Apesar da controvérsia, especialista recomenda mamografia aos 40 anos

Por Lígia Ligabue | Com Redação
| Tempo de leitura: 2 min

A recomendação do exame anual de mamografia para mulheres a partir dos 40 anos foi colocada em cheque nesta semana. Um estudo da Força Tarefa de Serviço Preventivo dos EUA (USPSTF - na sigla em inglês) questionou essa necessidade. A informação levantou um debate em todo o País. Para o mastologista Willian Davila Delgallo, presidente da Associação Amigas do Peito de Bauru, o exame ainda é a melhor forma de detectar o câncer de mama em mulheres, inclusive as mais jovens.

A discussão começou quando a USPSTF divulgou resultados de pesquisa envolvendo mais de 600 mil pacientes, que fizeram mamografias de rotina entre 2000 e 2005. A conclusão foi que existe uma “evidência moderada de que o benefício real é pequeno para mulheres com idade entre 40 e 49 anos”, informou a agência France Presse. De acordo com o estudo, a mamografia para câncer de mama no grupo de 40 a 49 anos pode resultar em diagnósticos equivocados e cirurgias desnecessárias, ou ainda, pode falhar na detecção de câncer.

Assim que este resultado foi divulgado, a Sociedade Americana para o Câncer (ACS) divulgou nota afirmando que continua recomendando a realização de uma mamografia anual para as mulheres com menos de 50 anos para detectar a doença. No comunicado, a entidade destacou que 17% das mortes devido ao câncer de mama nos Estados Unidos ocorrem em mulheres diagnosticadas entre os 40 e 50 anos.

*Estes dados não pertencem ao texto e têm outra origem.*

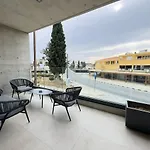 Malberry Park 102 - Modern 2 Bedroom Apartment With Pool, Gym, Jaccuzi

No Brasil, o caso também gerou polêmica. Em nota oficial, a Sociedade Brasileira de Mastologia (SBM) refutou a recomendação da USPSTF. Na página da entidade na Internet (www.s bmastologia.com.br), o posicionamento da instituição é pela manutenção da mamografia anual a partir dos 40 anos. De acordo com a SBM, no Brasil há uma alta incidência de tumores em estágio avançado por causa do diagnóstico tardio. Já a posição do Instituto Nacional do Câncer (Inca) é outra. O órgão continua não recomendando o rastreamento antes dos 50 anos.

Delgallo, presidente do grupo que auxilia mulheres na prevenção e em caso de confirmação da doença, explica que a mama de uma mulher de 40 anos tem em sua formação mais glândulas do que gordura. Além disso, ela é mais densa que a mama de uma mulher de mais de 50 anos, quando a proporção se inverte. “Por ser mais densa, na mamografia de uma mulher com menos de 40 anos fica difícil detectar algum nódulo”, explica. Já numa mulher mais velha, Delgallo explica que a mamografia detecta esses nódulos com mais precisão.

Porém, ele destaca que alguns tumores são formados por calcificações, que só são detectadas em exames de mamografia. “Por isso mesmo que para mulheres mais jovens são recomendáveis as ultra-sonografias e mamografias”, explica o mastologista. Ele também destaca que aumentou a incidência de tumores de mama em pacientes jovens, por isso, reforça a importância da prevenção. “Com a mamografia ganha-se terreno para a evolução do tratamento”, destaca.